Assignment — Go through the data below and repeat it exactly, skipping each picture.

Brief descriptive captions —
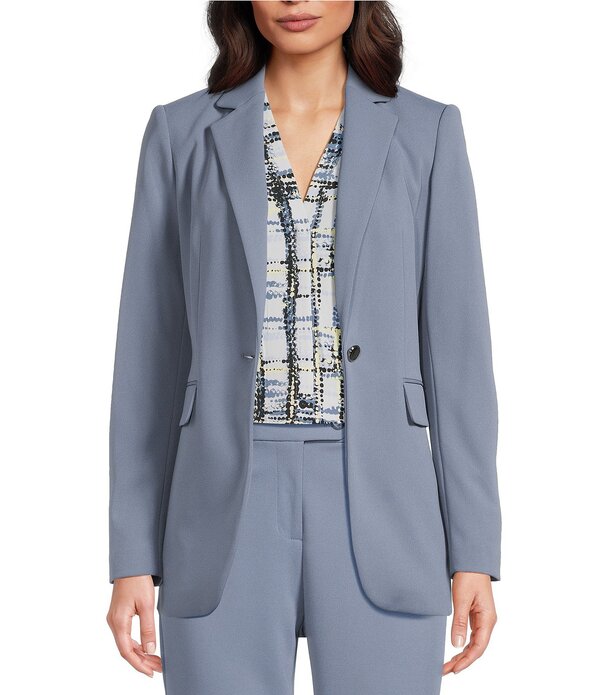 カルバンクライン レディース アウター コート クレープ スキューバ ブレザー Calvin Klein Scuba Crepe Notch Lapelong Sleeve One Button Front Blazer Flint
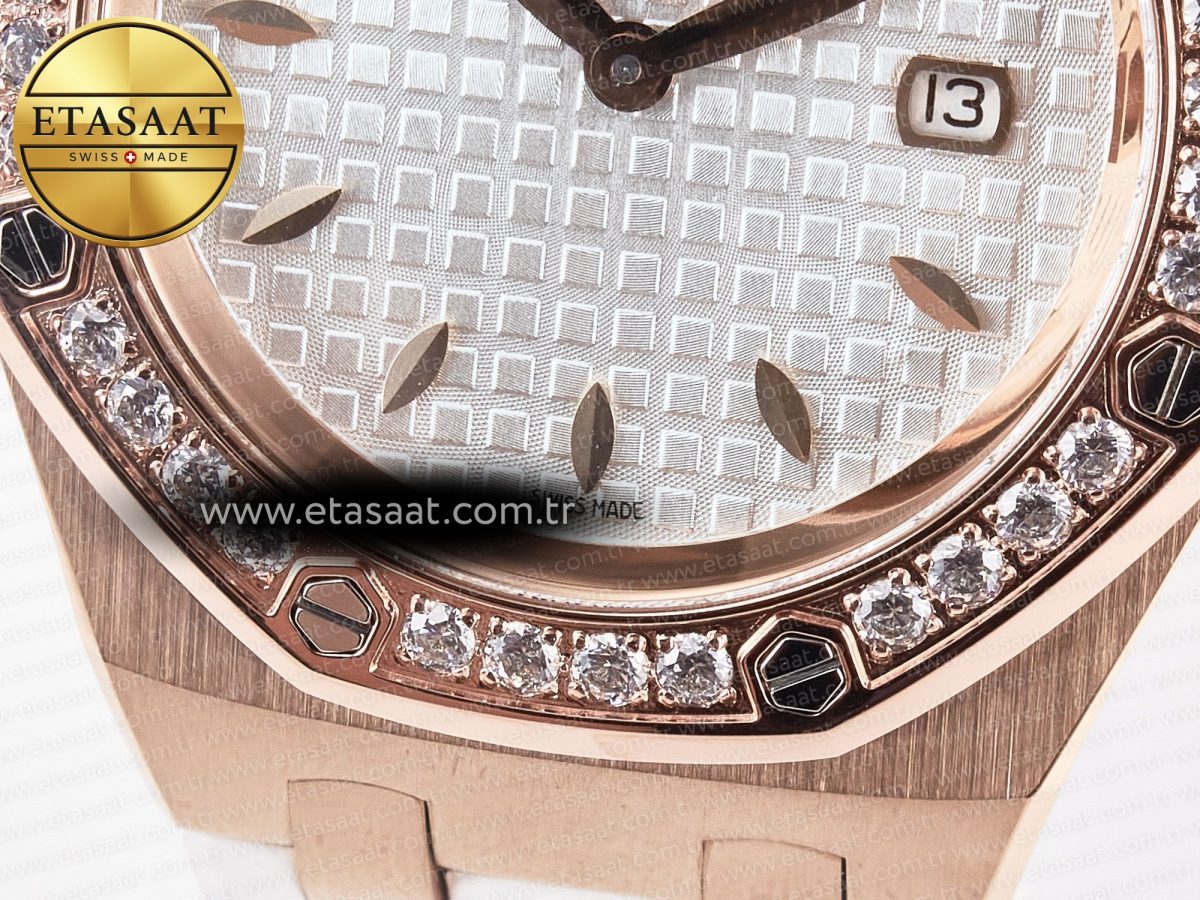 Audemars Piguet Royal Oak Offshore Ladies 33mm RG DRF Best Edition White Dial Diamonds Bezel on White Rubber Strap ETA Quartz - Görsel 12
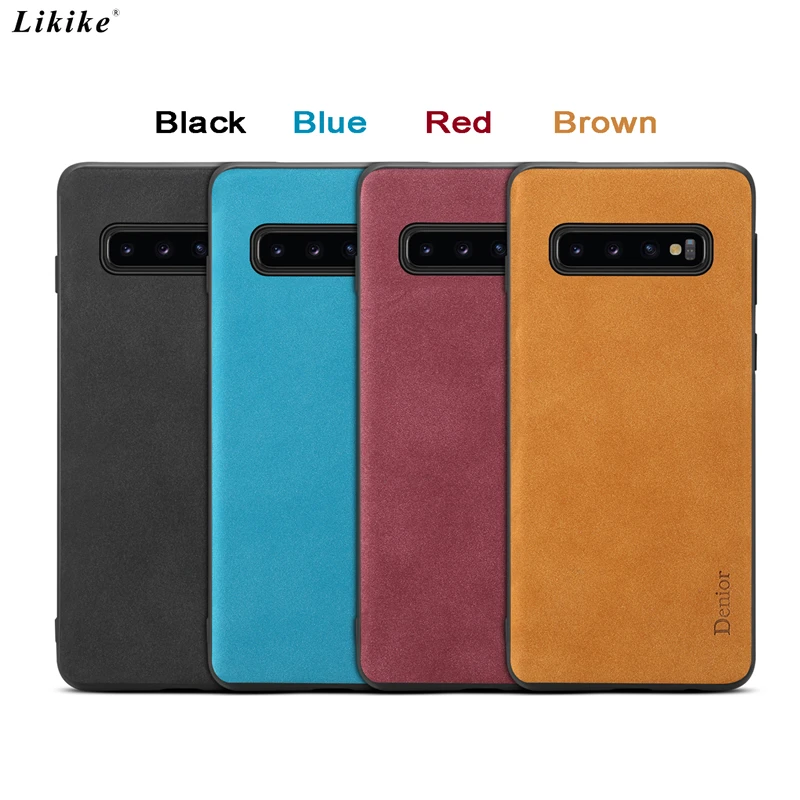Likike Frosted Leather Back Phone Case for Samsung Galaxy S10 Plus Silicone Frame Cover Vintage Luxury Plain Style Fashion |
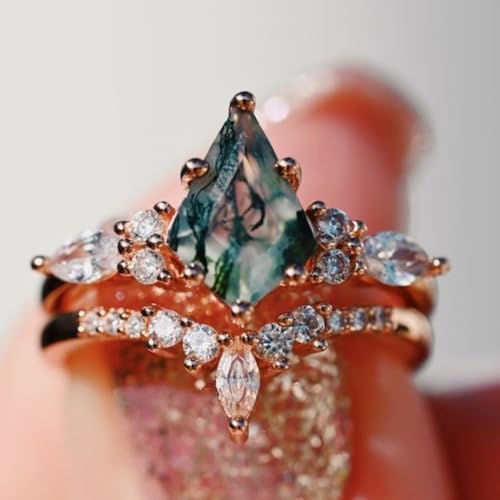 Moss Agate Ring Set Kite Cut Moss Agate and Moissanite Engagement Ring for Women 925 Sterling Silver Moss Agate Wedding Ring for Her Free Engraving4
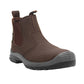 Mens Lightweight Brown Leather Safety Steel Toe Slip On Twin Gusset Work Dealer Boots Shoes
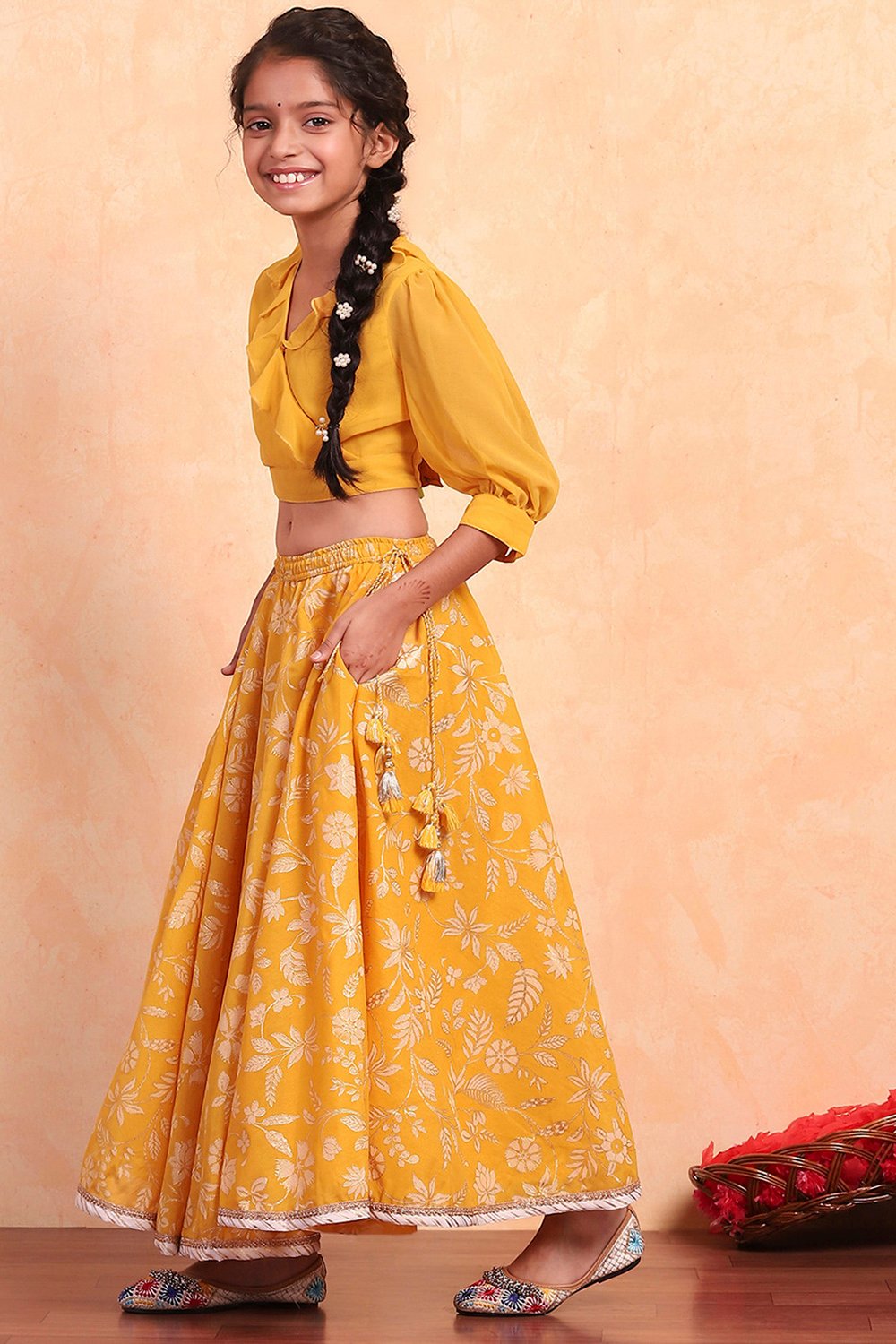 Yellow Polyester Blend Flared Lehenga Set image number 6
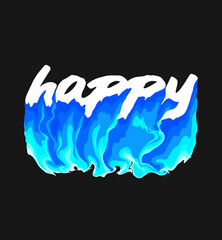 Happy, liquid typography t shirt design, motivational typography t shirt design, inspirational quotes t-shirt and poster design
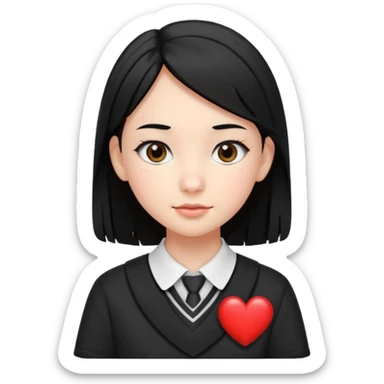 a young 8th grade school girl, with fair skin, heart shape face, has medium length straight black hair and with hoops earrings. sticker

Exercise answer —
 カルバンクライン レディース アウター コート クレープ スキューバ ブレザー Calvin Klein Scuba Crepe Notch Lapelong Sleeve One Button Front Blazer Flint
 Audemars Piguet Royal Oak Offshore Ladies 33mm RG DRF Best Edition White Dial Diamonds Bezel on White Rubber Strap ETA Quartz - Görsel 12
Likike Frosted Leather Back Phone Case for Samsung Galaxy S10 Plus Silicone Frame Cover Vintage Luxury Plain Style Fashion |
 Moss Agate Ring Set Kite Cut Moss Agate and Moissanite Engagement Ring for Women 925 Sterling Silver Moss Agate Wedding Ring for Her Free Engraving4
 Mens Lightweight Brown Leather Safety Steel Toe Slip On Twin Gusset Work Dealer Boots Shoes
 Yellow Polyester Blend Flared Lehenga Set image number 6
 Happy, liquid typography t shirt design, motivational typography t shirt design, inspirational quotes t-shirt and poster design
 a young 8th grade school girl, with fair skin, heart shape face, has medium length straight black hair and with hoops earrings. sticker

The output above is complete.